Conical Tank Draining

About This MicroSim

This visualization demonstrates one of the most classic related rates problems in calculus: how fast does the water level drop in a conical tank? The key insight is using similar triangles to eliminate a variable before differentiating.

The Problem Setup

A conical tank (vertex down) has:

H = tank height (total)
R = tank radius at the top
Water draining at rate dV/dt (negative because volume decreases)

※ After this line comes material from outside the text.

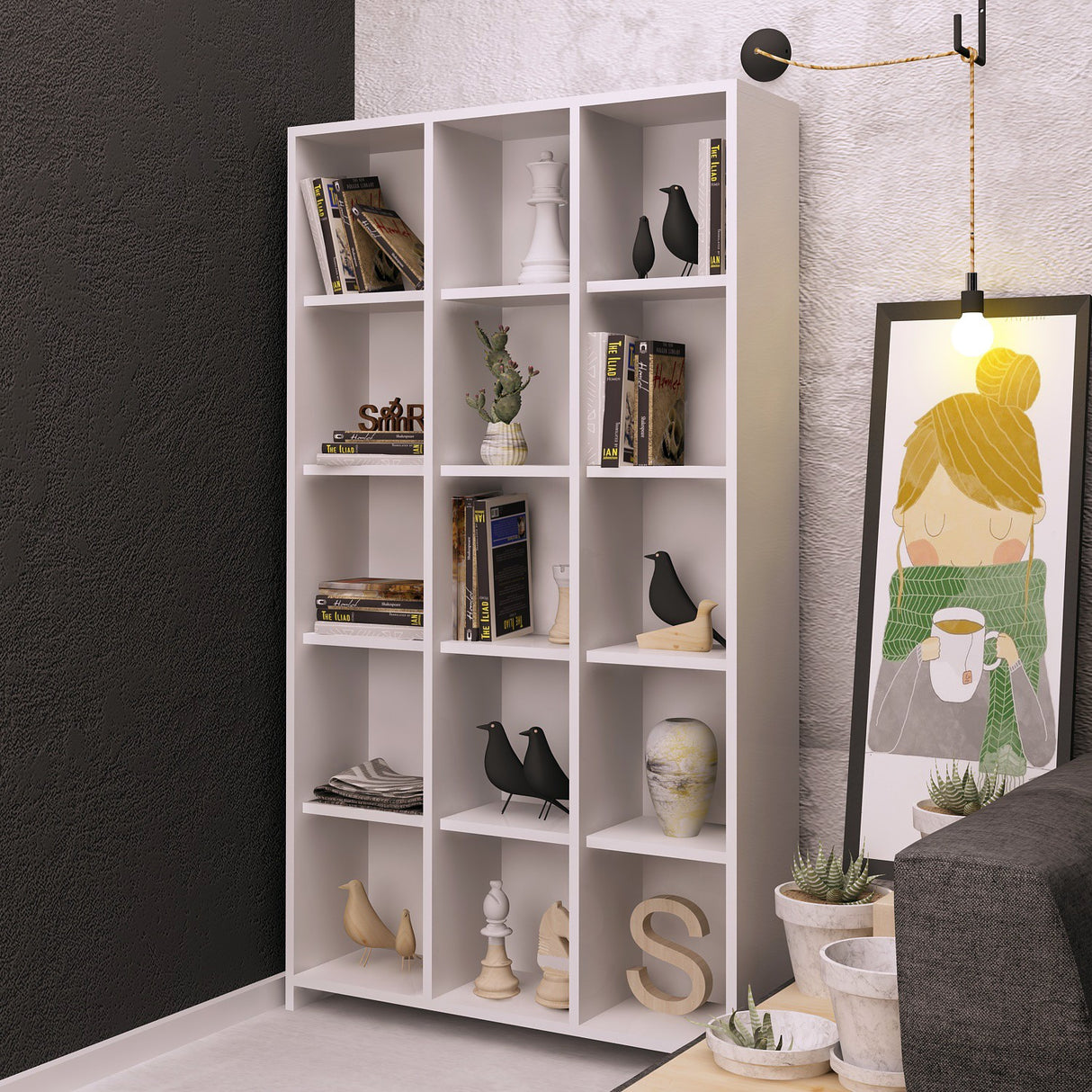Bibliotecă Pritone, Alb, 90x25x160 cm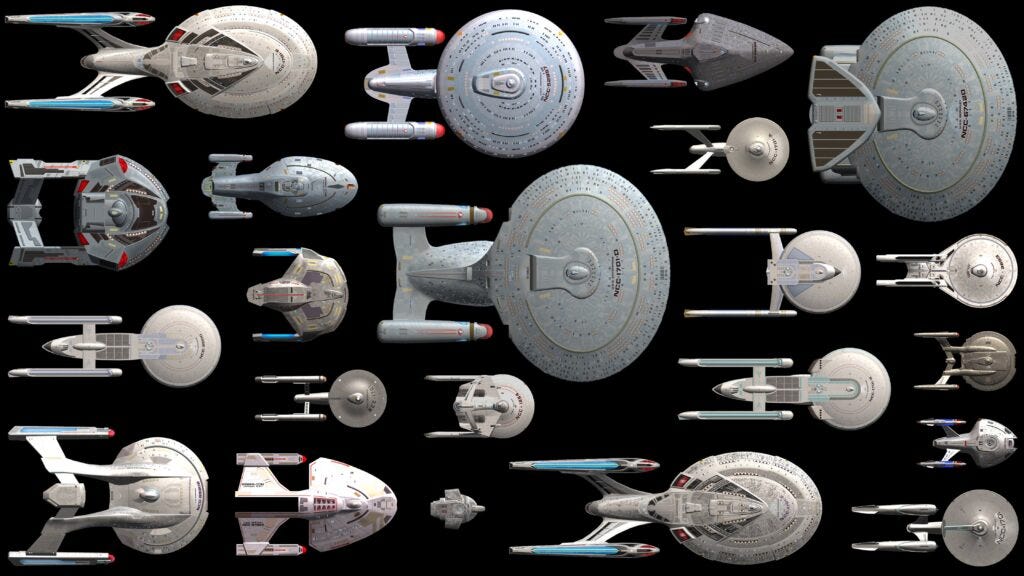 Космические корабли из разных сериалов Star Trek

We want to find dh/dt - how fast the water level is changing.

The Similar Triangles Key

The cross-section of a cone creates similar triangles. At any moment, the water forms a smaller cone inside the tank. The ratio of dimensions is constant:

\[\frac{r}{h} = \frac{R}{H}\]

This lets us express the water radius in terms of height:

\[r = \frac{R}{H} \cdot h\]

Delta Moment

"See those two triangles? They're like copies at different scales! That's why the ratio r/h always equals R/H. This little relationship is our ticket to solving the whole problem!"

Deriving the Formula

Step 1: Write volume in terms of h only

\[V = \frac{1}{3}\pi r^2 h = \frac{1}{3}\pi \left(\frac{R}{H}h\right)^2 h = \frac{\pi R^2}{3H^2}h^3\]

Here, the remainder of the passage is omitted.